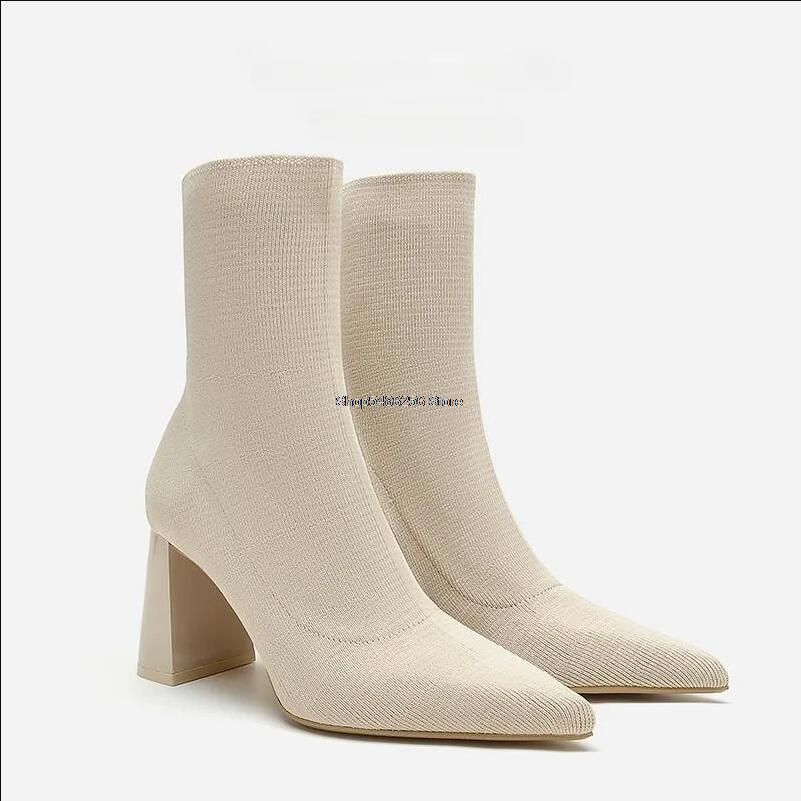 2024 зимние сапоги-носки женские туфли остроносые вязаные эластичные сапоги женские сапоги модные толстые каблуки женские короткие сапоги на высоком каблуке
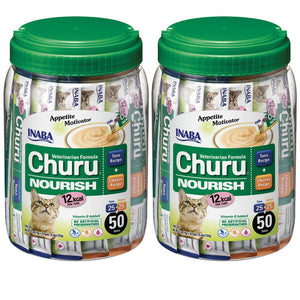 INABA Veterinarian Formula Churu Nourish, Chicken & Tuna Recipe Lickable Treats for Cats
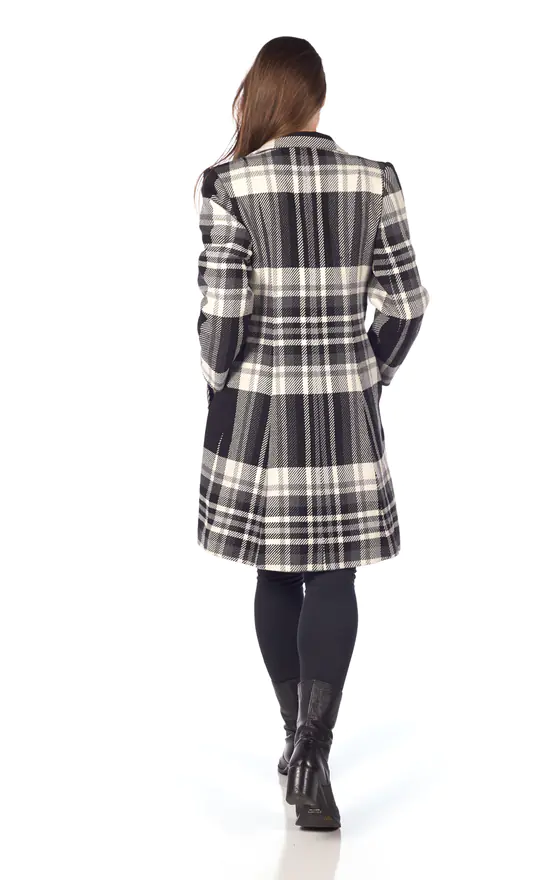 Buy ✨ De La Creme Fashions Allison Black Tartan Check Single Breasted ???? Coat ???? 5 Buy ✨ De La Creme Fashions Allison Black Tartan Check Single Breasted ???? Coat ???? - Image 3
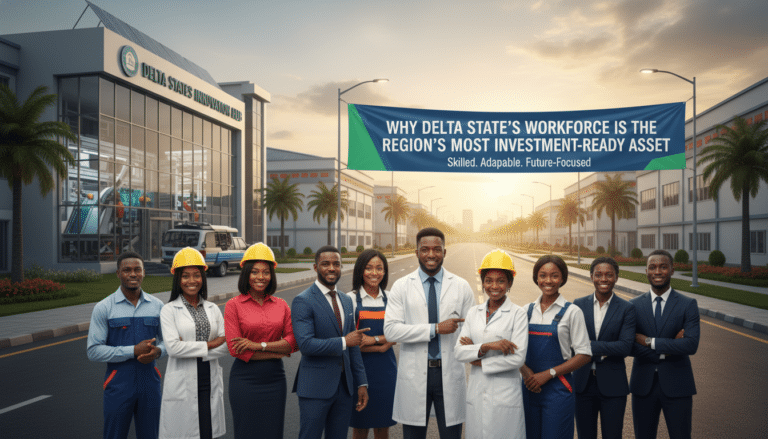 Diverse professionals before Delta State Innovation Hub banner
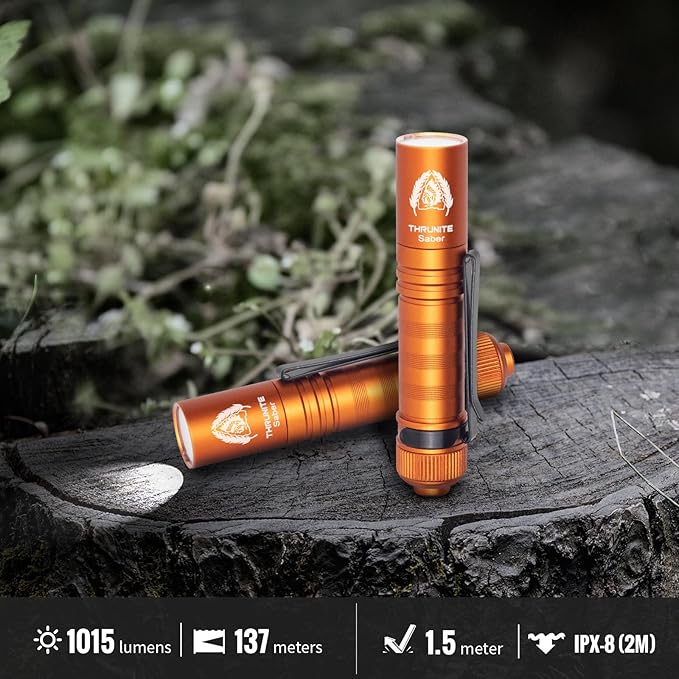 ThruNite BSS Saber 1015 Lumens AA Mini Flashlight Rechargeable, Small EDC Flashlight with Clip High Performance LED Light (Orange)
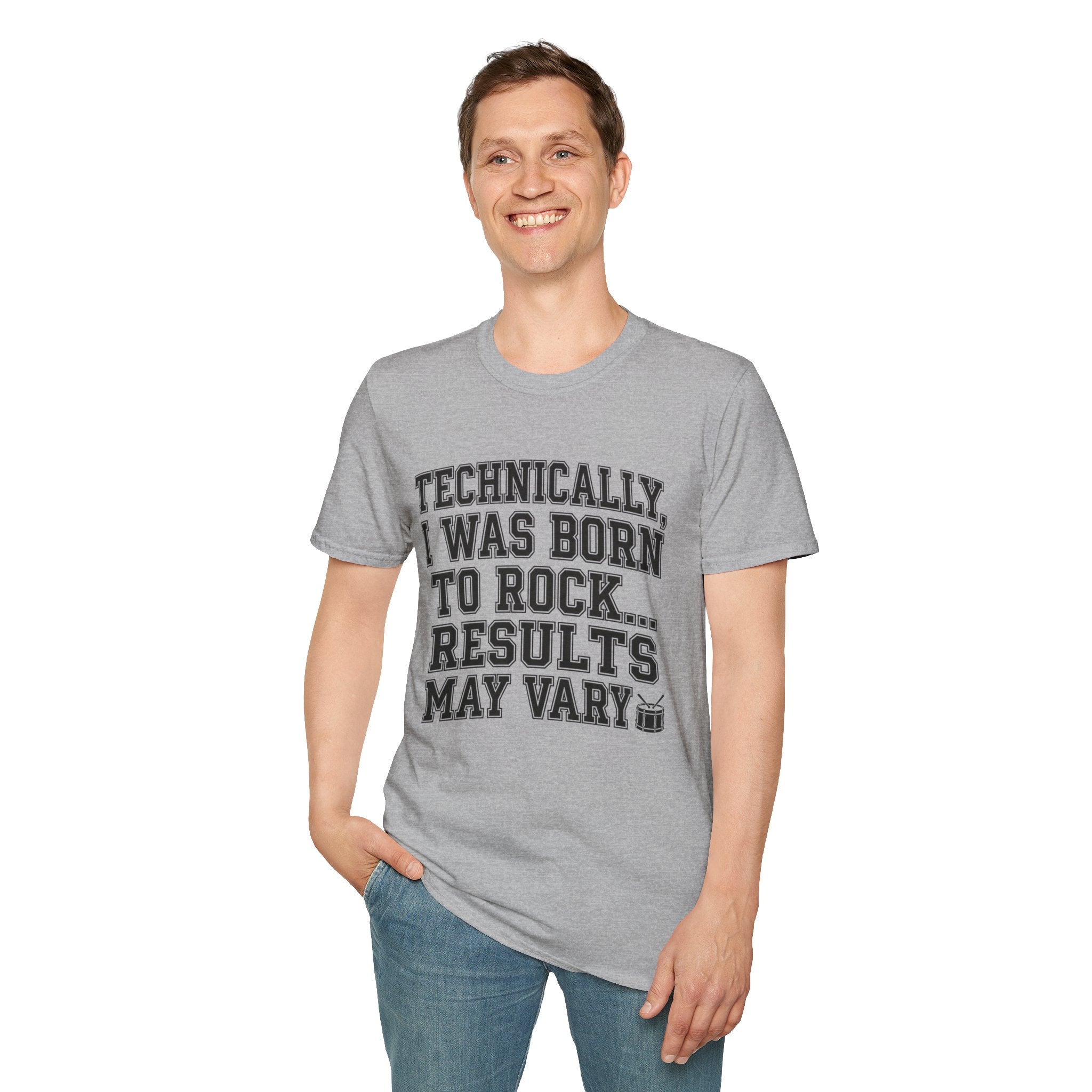 Technically I Was Born To Rock Block Lettering T-shirt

──────────────────────────────

EXERCISE DESCRIPTION
All entries, top to bottom, should be retyped exactly; the pictures should not be.

RESPONSE FOR THIS EXERCISE
 2024 зимние сапоги-носки женские туфли остроносые вязаные эластичные сапоги женские сапоги модные толстые каблуки женские короткие сапоги на высоком каблуке
 INABA Veterinarian Formula Churu Nourish, Chicken & Tuna Recipe Lickable Treats for Cats
 Buy ✨ De La Creme Fashions Allison Black Tartan Check Single Breasted ???? Coat ???? 5 Buy ✨ De La Creme Fashions Allison Black Tartan Check Single Breasted ???? Coat ???? - Image 3
 Diverse professionals before Delta State Innovation Hub banner
 ThruNite BSS Saber 1015 Lumens AA Mini Flashlight Rechargeable, Small EDC Flashlight with Clip High Performance LED Light (Orange)
 Technically I Was Born To Rock Block Lettering T-shirt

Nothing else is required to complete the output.